And so to the extent that we can upgrade not only our high schools but also our community colleges to provide a sound technical basis for being able to perform complicated tasks in a 21st-century economy, then I think that not only is that good for the individuals, but that’s going to be critical for the economy as a whole.
I want to emphasize, though, that part of the challenge is making sure that folks are getting in high school what they need as well. You know, I use my grandmother as an example for a lot of things, but I think this is telling. My grandmother never got a college degree. She went to high school. Unlike my grandfather, she didn’t benefit from the G.I. Bill, even though she worked on a bomber assembly line. She went to work as a secretary. But she was able to become a vice president at a bank partly because her high-school education was rigorous enough that she could communicate and analyze information in a way that, frankly, a bunch of college kids in many parts of the country can’t. She could write —
Today, you mean?
THE PRESIDENT: Today. She could write a better letter than many of my — I won’t say “many,” but a number of my former students at the University of Chicago Law School. So part of the function of a high-school degree or a community-college degree is credentialing, right? It allows employers in a quick way to sort through who’s got the skills and who doesn’t. But part of the problem that we’ve got right now is that what it means to have graduated from high school, what it means to have graduated from a two-year college or a four-year college is not always as clear as it was several years ago.And that means that we’ve got to — in our education-reform agenda — we’ve got to focus not just on increasing graduation rates, but we’ve also got to make what’s learned in the high-school and college experience more robust and more effective.

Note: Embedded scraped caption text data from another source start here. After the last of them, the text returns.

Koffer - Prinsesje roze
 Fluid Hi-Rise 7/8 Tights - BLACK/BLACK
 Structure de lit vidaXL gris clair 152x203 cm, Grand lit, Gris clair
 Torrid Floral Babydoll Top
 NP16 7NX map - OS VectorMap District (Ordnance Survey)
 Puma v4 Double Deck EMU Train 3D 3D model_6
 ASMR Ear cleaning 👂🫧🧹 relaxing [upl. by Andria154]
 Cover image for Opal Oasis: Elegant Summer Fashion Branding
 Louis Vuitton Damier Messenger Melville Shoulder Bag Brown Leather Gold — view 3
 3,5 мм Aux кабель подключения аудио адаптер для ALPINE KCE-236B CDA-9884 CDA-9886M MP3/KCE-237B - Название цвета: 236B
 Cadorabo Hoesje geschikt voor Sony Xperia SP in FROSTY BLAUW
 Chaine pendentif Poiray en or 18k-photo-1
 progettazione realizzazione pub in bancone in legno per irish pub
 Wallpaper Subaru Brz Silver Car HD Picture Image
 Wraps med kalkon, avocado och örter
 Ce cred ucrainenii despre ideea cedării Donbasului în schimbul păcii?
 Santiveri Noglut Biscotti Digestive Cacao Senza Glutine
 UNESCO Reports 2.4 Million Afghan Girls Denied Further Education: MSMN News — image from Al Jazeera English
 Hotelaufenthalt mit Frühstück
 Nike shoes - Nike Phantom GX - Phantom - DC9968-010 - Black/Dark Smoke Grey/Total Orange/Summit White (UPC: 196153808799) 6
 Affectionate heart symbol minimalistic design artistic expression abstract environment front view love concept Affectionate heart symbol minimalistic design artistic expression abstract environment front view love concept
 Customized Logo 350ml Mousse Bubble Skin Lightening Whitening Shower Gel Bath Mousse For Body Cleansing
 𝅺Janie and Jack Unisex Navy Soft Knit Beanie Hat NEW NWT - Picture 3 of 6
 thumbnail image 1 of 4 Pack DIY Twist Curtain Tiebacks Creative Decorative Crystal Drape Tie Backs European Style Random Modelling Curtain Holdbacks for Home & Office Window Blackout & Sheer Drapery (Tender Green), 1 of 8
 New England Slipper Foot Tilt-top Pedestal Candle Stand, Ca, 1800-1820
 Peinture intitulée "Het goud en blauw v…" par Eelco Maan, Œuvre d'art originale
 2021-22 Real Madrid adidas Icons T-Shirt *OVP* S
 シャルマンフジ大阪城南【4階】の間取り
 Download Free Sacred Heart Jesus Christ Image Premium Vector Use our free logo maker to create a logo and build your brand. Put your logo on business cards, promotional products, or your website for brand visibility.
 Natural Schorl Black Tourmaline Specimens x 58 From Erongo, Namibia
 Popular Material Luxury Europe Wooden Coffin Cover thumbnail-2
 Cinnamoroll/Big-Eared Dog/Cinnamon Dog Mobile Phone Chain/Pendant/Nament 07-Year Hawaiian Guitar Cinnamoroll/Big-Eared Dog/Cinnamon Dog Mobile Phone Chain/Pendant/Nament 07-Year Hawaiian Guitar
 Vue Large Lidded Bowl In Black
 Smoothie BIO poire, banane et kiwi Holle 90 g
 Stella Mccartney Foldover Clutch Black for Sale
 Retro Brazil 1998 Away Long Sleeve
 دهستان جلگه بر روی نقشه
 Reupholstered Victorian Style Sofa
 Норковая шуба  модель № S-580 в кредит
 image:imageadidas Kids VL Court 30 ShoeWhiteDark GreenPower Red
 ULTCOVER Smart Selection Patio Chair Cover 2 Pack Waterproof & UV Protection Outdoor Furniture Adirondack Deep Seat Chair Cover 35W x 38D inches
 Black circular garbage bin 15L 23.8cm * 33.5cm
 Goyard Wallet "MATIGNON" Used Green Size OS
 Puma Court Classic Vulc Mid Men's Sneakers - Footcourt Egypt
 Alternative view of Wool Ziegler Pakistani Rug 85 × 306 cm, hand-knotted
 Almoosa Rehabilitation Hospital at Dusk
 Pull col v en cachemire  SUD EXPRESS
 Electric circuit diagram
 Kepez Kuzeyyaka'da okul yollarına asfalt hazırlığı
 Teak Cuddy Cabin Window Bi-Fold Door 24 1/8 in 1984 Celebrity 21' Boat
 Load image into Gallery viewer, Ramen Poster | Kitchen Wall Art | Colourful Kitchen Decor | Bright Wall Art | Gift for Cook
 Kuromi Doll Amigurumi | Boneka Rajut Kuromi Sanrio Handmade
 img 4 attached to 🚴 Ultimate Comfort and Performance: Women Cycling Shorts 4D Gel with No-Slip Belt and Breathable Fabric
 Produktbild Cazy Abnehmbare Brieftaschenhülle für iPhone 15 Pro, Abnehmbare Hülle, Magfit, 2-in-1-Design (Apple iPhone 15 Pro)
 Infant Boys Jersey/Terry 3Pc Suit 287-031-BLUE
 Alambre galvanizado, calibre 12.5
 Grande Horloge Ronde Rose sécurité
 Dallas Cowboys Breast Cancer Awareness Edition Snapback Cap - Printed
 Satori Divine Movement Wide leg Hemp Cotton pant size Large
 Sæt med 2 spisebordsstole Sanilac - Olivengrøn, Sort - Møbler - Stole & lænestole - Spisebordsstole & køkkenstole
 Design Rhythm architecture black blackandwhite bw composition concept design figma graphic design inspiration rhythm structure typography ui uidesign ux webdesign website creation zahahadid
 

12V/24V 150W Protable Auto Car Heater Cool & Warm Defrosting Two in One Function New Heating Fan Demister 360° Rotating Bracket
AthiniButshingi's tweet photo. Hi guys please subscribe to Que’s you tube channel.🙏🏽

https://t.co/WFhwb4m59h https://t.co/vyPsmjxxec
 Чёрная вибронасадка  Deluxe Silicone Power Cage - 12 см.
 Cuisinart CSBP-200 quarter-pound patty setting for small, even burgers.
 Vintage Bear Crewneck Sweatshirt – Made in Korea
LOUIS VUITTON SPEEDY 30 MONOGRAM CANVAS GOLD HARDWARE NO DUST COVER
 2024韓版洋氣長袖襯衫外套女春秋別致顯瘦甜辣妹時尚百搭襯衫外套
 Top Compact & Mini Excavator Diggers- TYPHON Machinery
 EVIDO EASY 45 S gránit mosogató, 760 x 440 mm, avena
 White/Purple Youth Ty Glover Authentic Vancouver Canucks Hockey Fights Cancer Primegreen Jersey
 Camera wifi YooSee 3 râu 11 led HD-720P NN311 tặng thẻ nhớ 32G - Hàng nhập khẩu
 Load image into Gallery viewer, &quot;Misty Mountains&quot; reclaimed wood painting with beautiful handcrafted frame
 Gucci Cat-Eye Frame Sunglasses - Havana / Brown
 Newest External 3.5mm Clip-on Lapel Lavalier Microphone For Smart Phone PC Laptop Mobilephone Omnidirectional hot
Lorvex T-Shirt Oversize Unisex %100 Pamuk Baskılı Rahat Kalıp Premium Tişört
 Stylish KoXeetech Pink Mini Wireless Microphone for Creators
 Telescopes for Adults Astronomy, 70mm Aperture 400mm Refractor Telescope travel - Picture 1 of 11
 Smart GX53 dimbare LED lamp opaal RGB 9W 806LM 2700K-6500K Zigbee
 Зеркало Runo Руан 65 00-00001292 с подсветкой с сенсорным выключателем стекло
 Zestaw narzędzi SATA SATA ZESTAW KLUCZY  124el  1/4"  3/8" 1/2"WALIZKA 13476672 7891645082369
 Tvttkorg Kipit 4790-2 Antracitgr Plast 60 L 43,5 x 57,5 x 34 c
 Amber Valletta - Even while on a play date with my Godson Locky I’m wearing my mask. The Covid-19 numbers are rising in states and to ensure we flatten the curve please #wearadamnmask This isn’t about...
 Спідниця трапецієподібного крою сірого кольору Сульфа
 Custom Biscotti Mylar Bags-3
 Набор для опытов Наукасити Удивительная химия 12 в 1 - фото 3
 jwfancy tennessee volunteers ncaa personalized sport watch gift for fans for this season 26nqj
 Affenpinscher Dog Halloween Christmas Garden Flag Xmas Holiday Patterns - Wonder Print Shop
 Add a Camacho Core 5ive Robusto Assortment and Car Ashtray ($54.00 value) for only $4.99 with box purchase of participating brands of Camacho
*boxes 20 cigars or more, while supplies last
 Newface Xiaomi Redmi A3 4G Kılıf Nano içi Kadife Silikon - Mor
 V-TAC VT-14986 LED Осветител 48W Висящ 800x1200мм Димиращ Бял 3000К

I find myself in agreement with Charles Murray:
Even if forgoing college becomes economically attractive, the social cachet of a college degree remains. That will erode only when large numbers of high-status, high-income people do not have a college degree and don't care. The information technology industry is in the process of creating that class, with Bill Gates and Steve Jobs as exemplars. It will expand for the most natural of reasons: A college education need be no more important for many high-tech occupations than it is for NBA basketball players or cabinetmakers. Walk into Microsoft or Google with evidence that you are a brilliant hacker, and the job interviewer is not going to fret if you lack a college transcript. The ability to present an employer with evidence that you are good at something, without benefit of a college degree, will continue to increase, and so will the number of skills to which that evidence can be attached. Every time that happens, the false premium attached to the college degree will diminish.
Most students find college life to be lots of fun (apart from the boring classroom stuff), and that alone will keep the four-year institution overstocked for a long time. But, rightly understood, college is appropriate for a small minority of young adults--perhaps even a minority of the people who have IQs high enough that they could do college-level work if they wished. People who go to college are not better or worse people than anyone else; they are merely different in certain interests and abilities. That is the way college should be seen. There is reason to hope that eventually it will be.